Fig. 13. Tomb of Lars Porsena at Clusium.

Conjectural restoration by Quatremère de Quincy after Varro's description.

One enthusiast, a certain Father Angelo Cortenovis, even wrote a treatise to prove that the whole contrivance was nothing more nor less than a huge electrical machine!

Most writers on the subject have been inclined to look upon Varro's description as at best a gross exaggeration, but Professor Müller gave it as his opinion that the labyrinth described did actually exist, and that the upper part, though no doubt highly embellished in the description, was not the mere offspring of fancy. He thought it quite probable that there was a square basement of regular masonry supporting five pyramids as recounted by Varro, but that the latter described the upper part from hearsay. He drew attention to the fact that a tomb somewhat of this nature is still in existence on the Appian Way at Albano, the pyramids being represented in this case by cones. It is commonly called the Tomb of the Horatii and Curiatii.

In the early part of last century a British traveller, G. Dennis, made a study of the antiquities of Etruria and gave particular attention to the remarkable rock-cut labyrinths of which that province furnishes several examples.
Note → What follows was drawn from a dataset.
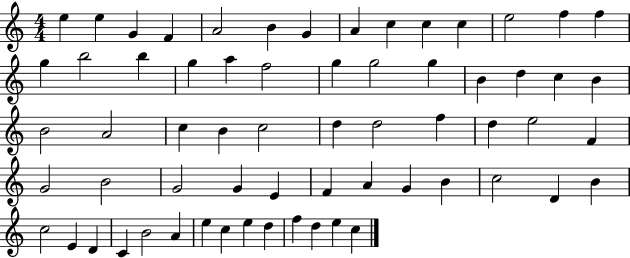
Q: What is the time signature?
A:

He pointed out that the possession of a labyrinth was the distinguishing feature of Porsena's tomb which alone caused Pliny to mention it. The expression "Sub Clusio" used by Pliny, he says, led subsequent writers to infer that the subterranean passages beneath Chiusi were intended, but such an arrangement would be at variance with the general sepulchral practice of the Etruscans, and the tomb of Porsena must be looked for outside the city walls. Dennis then goes on to describe the great cemetery that had recently been discovered in the hill called Poggio Gajella, about three miles to the north-east of Chiusi. His sketch of the principal "storey" of this labyrinthine excavation is shown in [Fig. 14].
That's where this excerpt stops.